━━━ Data provided ━━━
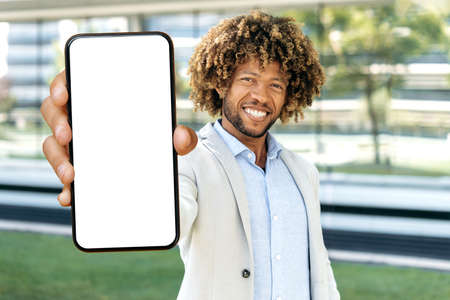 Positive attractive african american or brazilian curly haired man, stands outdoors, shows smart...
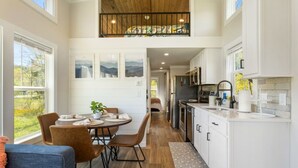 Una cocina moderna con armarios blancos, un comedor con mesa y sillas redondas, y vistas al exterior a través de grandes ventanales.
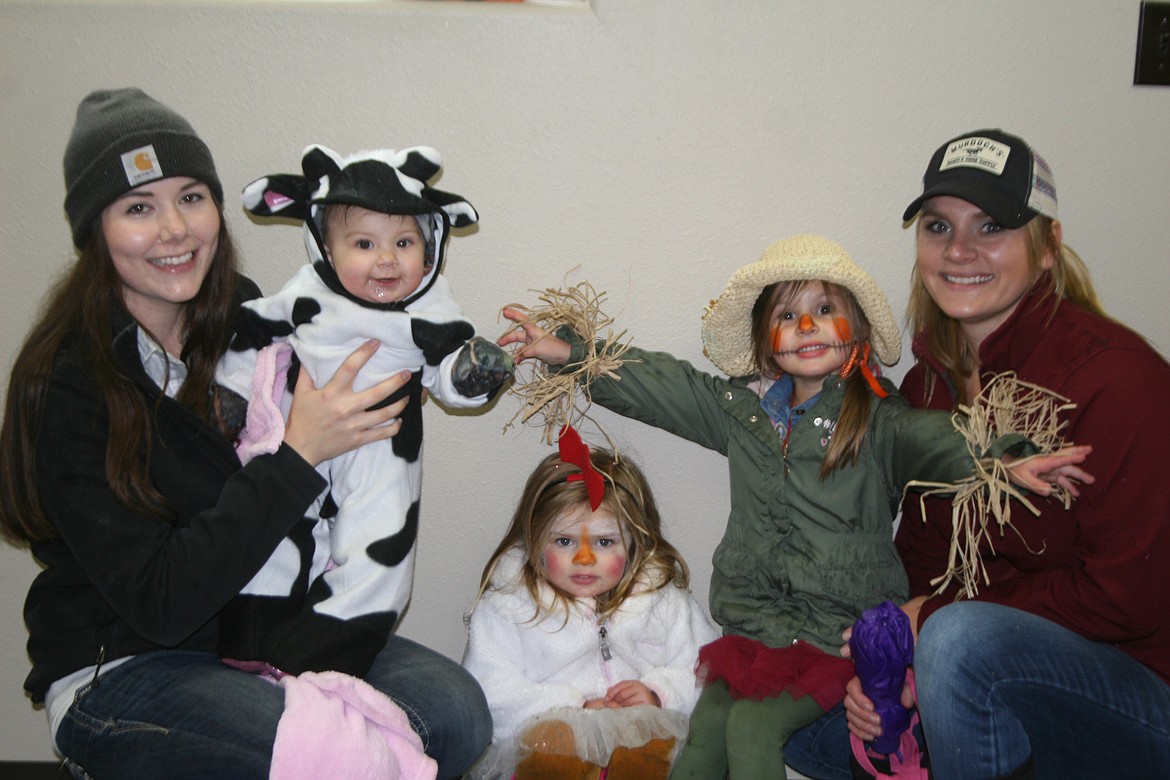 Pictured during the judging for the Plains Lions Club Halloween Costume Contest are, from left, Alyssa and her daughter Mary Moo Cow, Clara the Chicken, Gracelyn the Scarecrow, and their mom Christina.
━━━
#### Required work:
Without the pictures, retype the whole of the material above exactly.

#### Your solution:
 Positive attractive african american or brazilian curly haired man, stands outdoors, shows smart...
 Una cocina moderna con armarios blancos, un comedor con mesa y sillas redondas, y vistas al exterior a través de grandes ventanales.
 Pictured during the judging for the Plains Lions Club Halloween Costume Contest are, from left, Alyssa and her daughter Mary Moo Cow, Clara the Chicken, Gracelyn the Scarecrow, and their mom Christina.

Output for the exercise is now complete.